/workshop_notebooks

Notebooks for workshop

Primary LanguageJupyter Notebook

IEEE-GRSS Summer School on Scaling Machine Learning for Remote Sensing using Cloud Computing Environment

An End-to-end ML workflow using ImageLabeler and AWS SageMaker

The goal of the workshop is to familiarize you with the ImageLabeler and AWS SageMaker tool sets. In the process of completing this workshop you will have built an end-to-end machine learning (ML) solution: one that lets you label your own Earth science phenomena, as well as preprocess, train and deploy ML models within the confines of Jupyter notebooks.

ImageLabeler

ImageLabeler facilitates the creation and management of labeled Earth science images for use in machine learning models. Using ImageLabeler, you can label images to indicate the presence or absence of a target Earth science phenomena. Additional features include: extraction of images from satellite imagery, drawing bounding boxes, and assigning teams for labeling.

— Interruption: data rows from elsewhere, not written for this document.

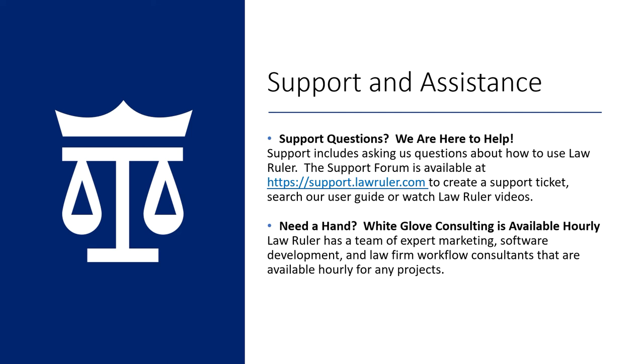For those of you who want to make changes inside of Law Ruler but just don't have the time, let our expert staff do the work for you. We offer done-for-you consulting, a service that is billed hourly and available for your convenience. Please contact your account manager to learn more. Thank you again for your time and from everyone here at the Law Ruler family, we hope you have an amazing day.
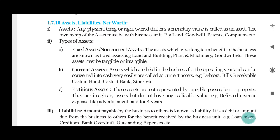In a broader sense, depending on convertibility, assets can be classified as fixed assets and current assets. And depending on physical existence, they can be classified as tangible assets and intangible assets. Assets which are held in the business for the operating year and can be converted into cash very easily are called current assets.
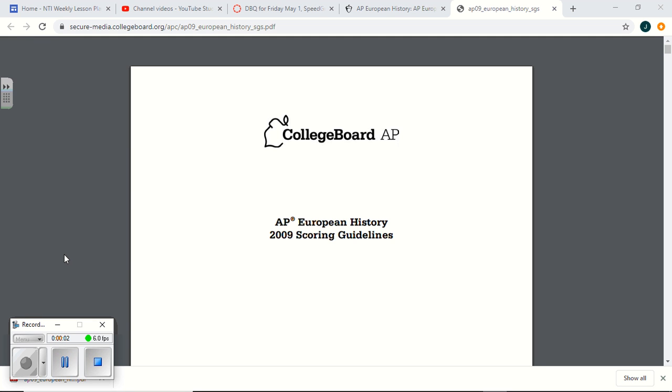Alright, MEHAP students. I wanted to quickly make this video. The DBQ that you wrote about the opinions and motivations for imperialism, what was it?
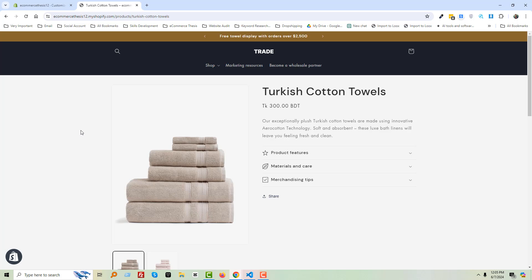I hope you understand how you can change the image position in the Dawn theme from right to left. Thank you for your time watching this video. If you found it helpful, click the like button and subscribe to my channel. If you need any service or support related to Shopify, SEO, or WordPress, you can contact me. Have a nice day, bye bye!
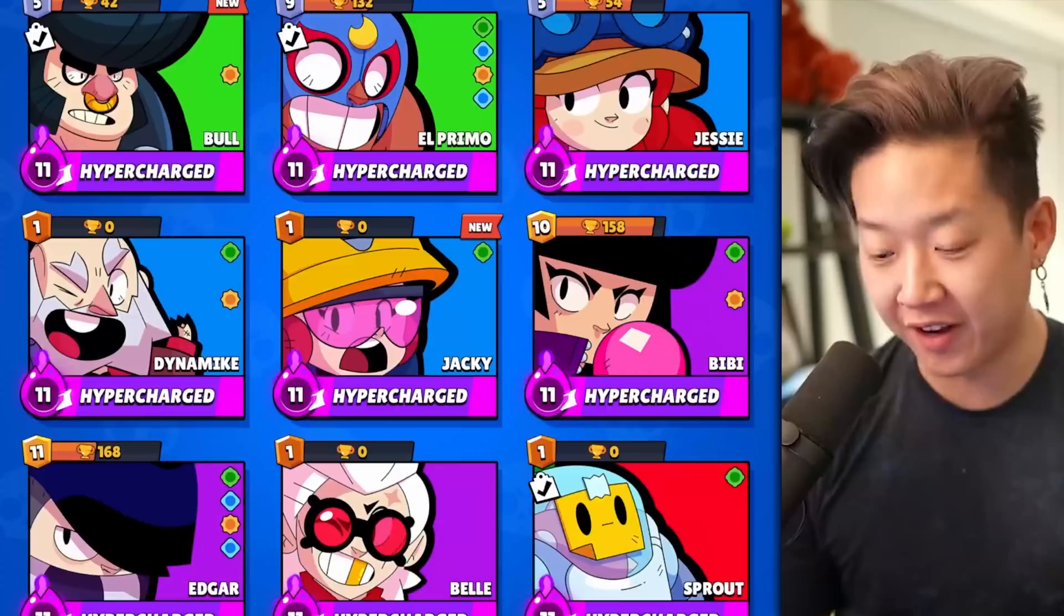Fully maxed out. Every single brawler is now level 11. I still need to buy the gold packs to get all the gears and gadgets. It's about 5,000 per brawler, not including the hypercharges to get every star power, two gears, one gadget to get the perfect maxed account. And we might be able to accomplish that in three months in our next video.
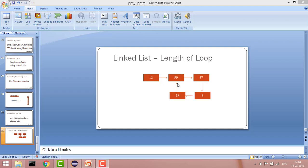Hey guys, welcome to Coding Simplified. Today we'll solve a new problem in linked list where our aim is to find the length of the loop. In my previous tutorial we explained how to detect if there is any loop, and in today's problem we'll find the length of that loop.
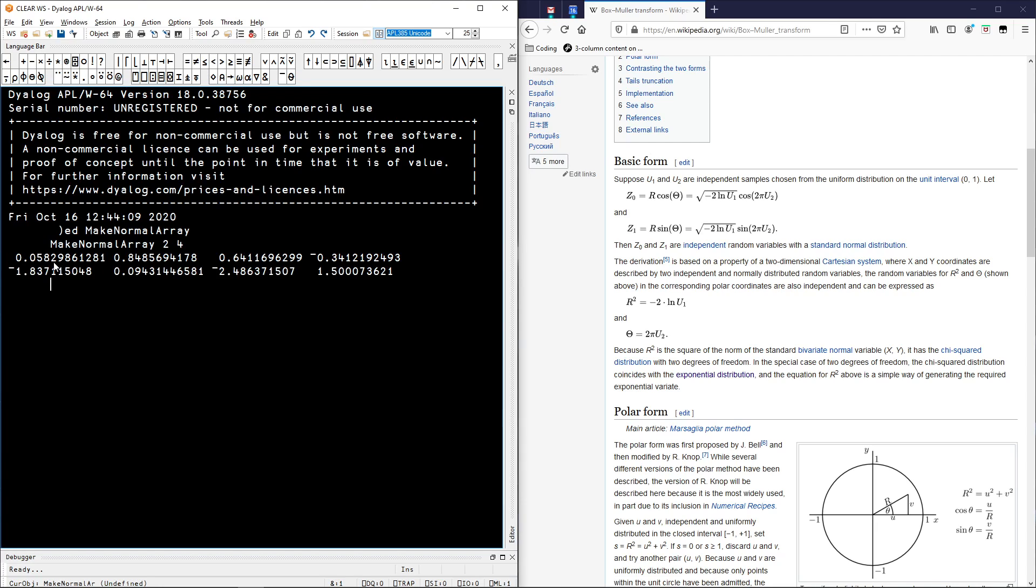And now if you type makeNormalArray 2 4, you get a 2 by 4 matrix of normally distributed random numbers.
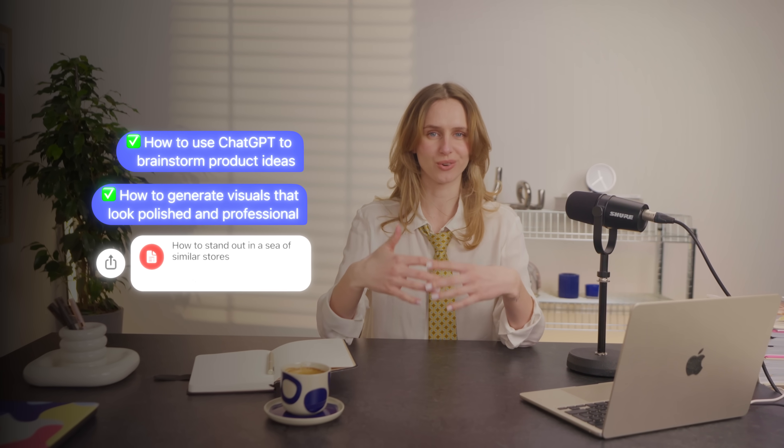Here's what I will walk you through: how to use ChatGPT to brainstorm product ideas, how to generate visuals that look polished and professional, and how to stand out in a sea of similar stores.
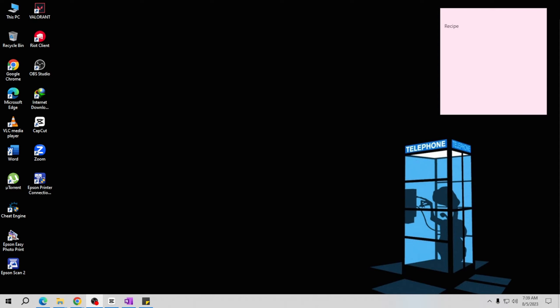Sticky Notes app on your computer. You can find it in the Start menu or by searching for it in the search bar. Once the Sticky Notes app is open, create a new note by clicking on the plus sign icon in the top left corner. If you already have a note open, you can skip this step.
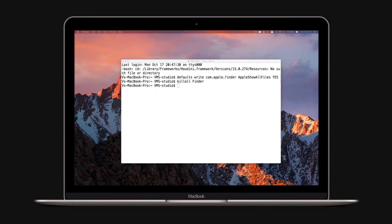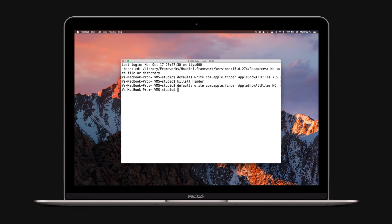To unhide the folders, go to Terminal and type in the following commands, pressing Enter after each line. Now the finder's hidden files should vanish again.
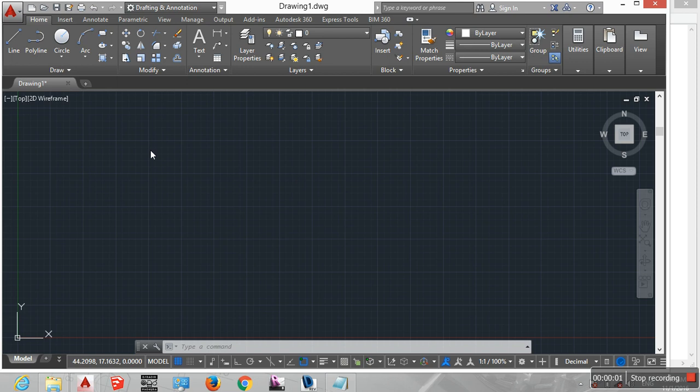Hello friends. Today I discuss using the AutoCAD and AutoCAD LT interfaces.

Amazon Web Services (AWS) SageMaker

Amazon SageMaker helps data scientists and developers to prepare, build, train, and deploy high-quality ML models quickly by bringing together a broad set of capabilities purpose-built for ML. Simply put, it is a set of cloud-based (specifically, AWS) apps that focus on labeling, training, testing, and deploying models. Among other things, It provides access to provisioned Jupyter notebooks to train models and easily accessible model deployment.

Overall workflow

  1. Deploy a SageMaker instance using cdk. This process uses AWS Python CDK to deploy AWS services (Role, SageMaker instance) within the familiarity of Python.
  2. Label Earth science phenomena using ImageLabeler. We will be using an example of high-latitude dust for demonstration purposes.
  3. Get labeled data within SageMaker's Jupyter notebook instance and preprocess it for ML use.
  4. Train a model and observe training metrics.
  5. Deploy the model and infer from it.

The overall process has been divided into five chapters. Each chapter will have its own learning goal and objectives. The materials for each chapter are contained in a corresponding directory in this repository. Listed below are the sections of the workshop split into chapters.

  1. Chapter-0: Creating Sagemaker instance with the AWS Cloud Development Kit
  2. Chapter-1: Using ImageLabeler to create labels
  3. Chapter-2: Preparing training data
  4. Chapter-3: Training a model using SageMaker
  5. Chapter-4: Deploying a model and inferring predictions

There are readme files for each of these chapters that gives an overview of the contents in the chapter. Each chapter has a .ipynb Jupyter notebook file that walks through the process and the codebase, enabling you to set up a cloud-based, end-to-end pipeline for training and deploying ML models, one chapter at a time.